- [Task to carry out]
Without the pictures, give the listing below again exactly.

- [Task input]
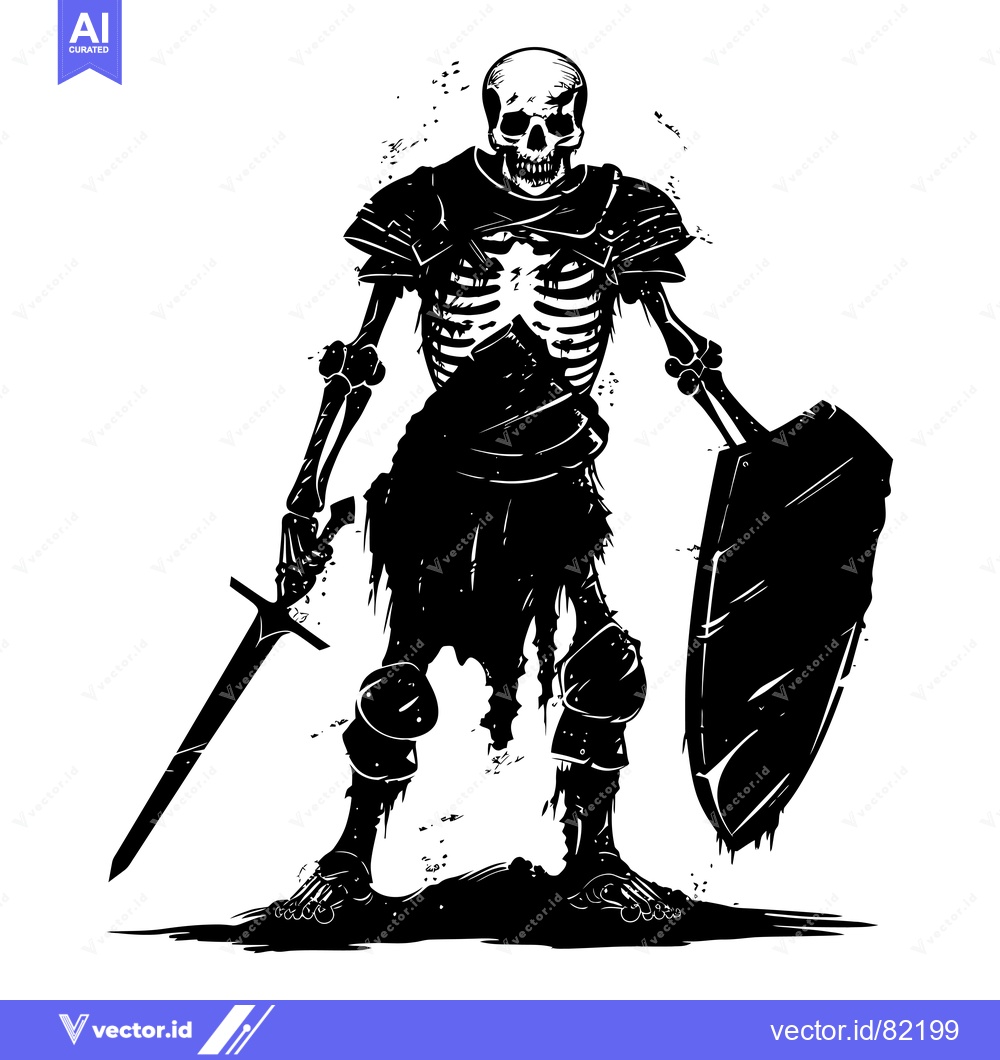 Premium Vector dari Black and White Illustration of a Skeleton Knight in Armor with a Swor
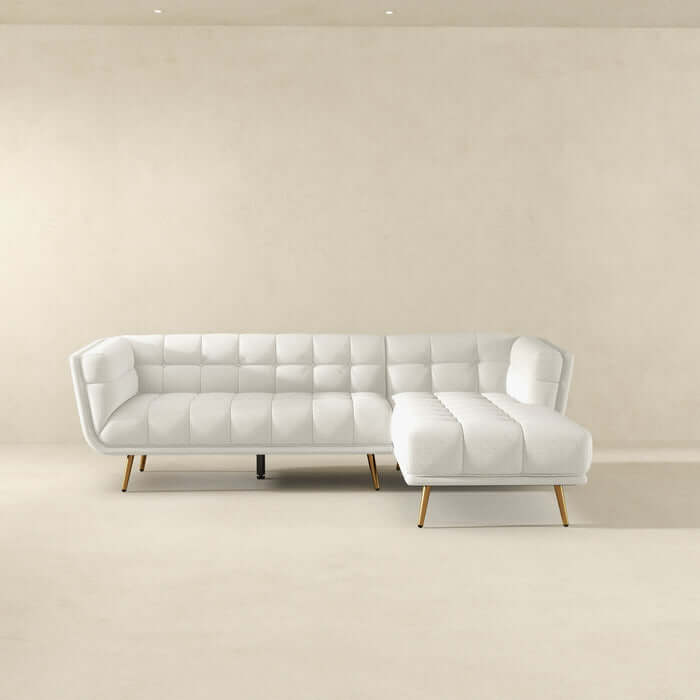 Tufted L-Shape Chaise Sofa Sectional 102.5” – Addison MCM Boucle or Linen Sectional (2 Colors) in white.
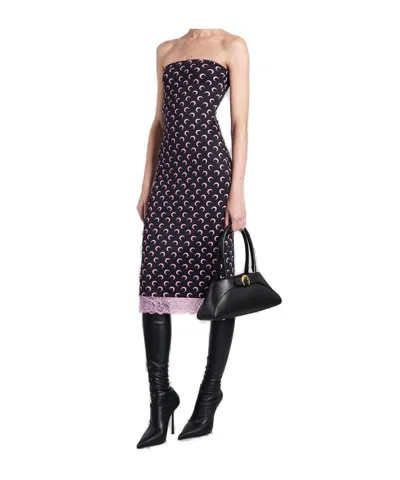Marine Serre Crescent Moon Strapless Jersey Midi Dress In Multi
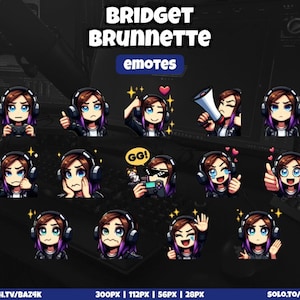 Bridget Brunette Emotes for Twitch, Kick, YouTube and Discord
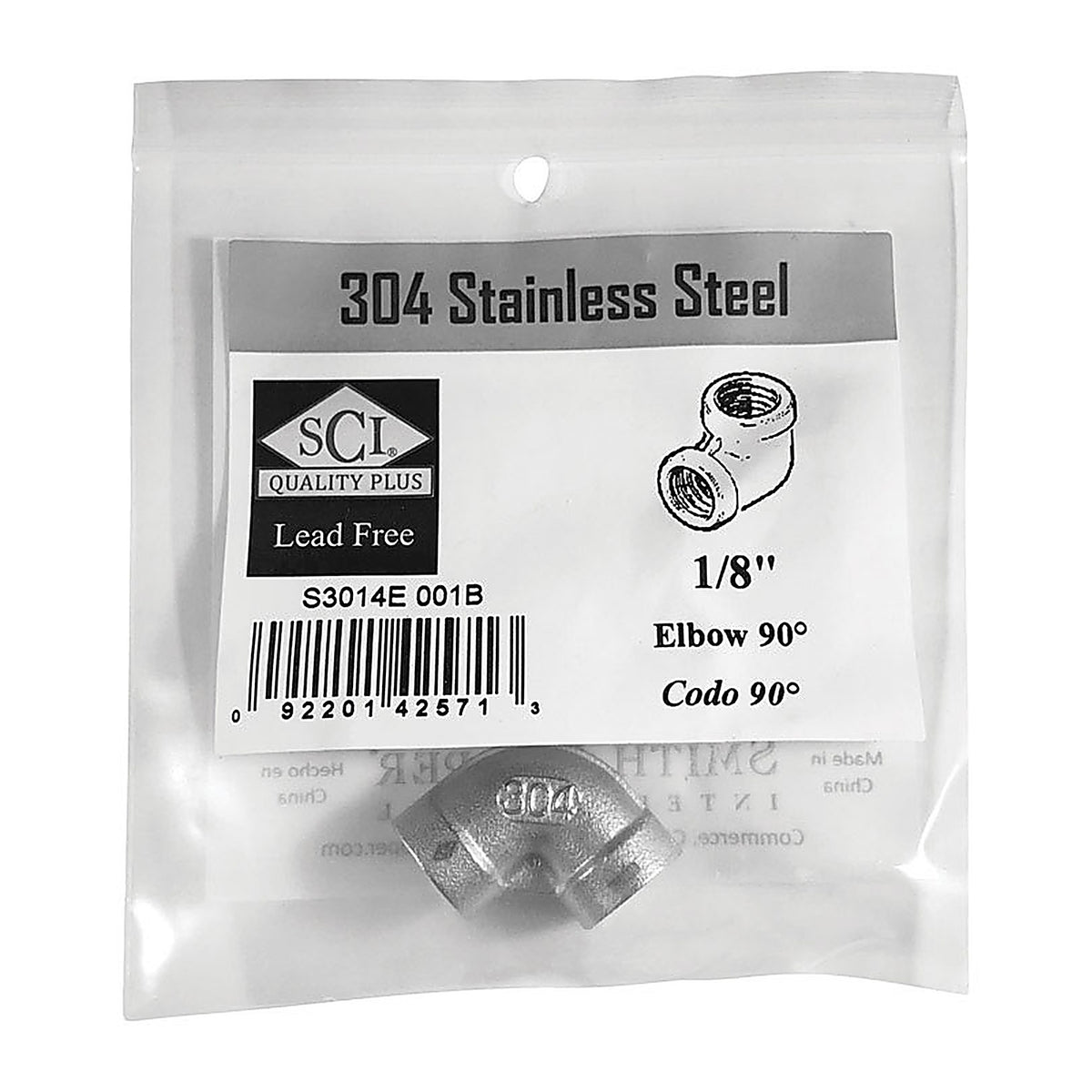 Smith-Cooper - 4638100400 - 1/8 in. FPT x 1/8 in. Dia. FPT Stainless Steel 90 Degree Elbow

- [Answer to this task]
 Premium Vector dari Black and White Illustration of a Skeleton Knight in Armor with a Swor
 Tufted L-Shape Chaise Sofa Sectional 102.5” – Addison MCM Boucle or Linen Sectional (2 Colors) in white.
Marine Serre Crescent Moon Strapless Jersey Midi Dress In Multi
 Bridget Brunette Emotes for Twitch, Kick, YouTube and Discord
 Smith-Cooper - 4638100400 - 1/8 in. FPT x 1/8 in. Dia. FPT Stainless Steel 90 Degree Elbow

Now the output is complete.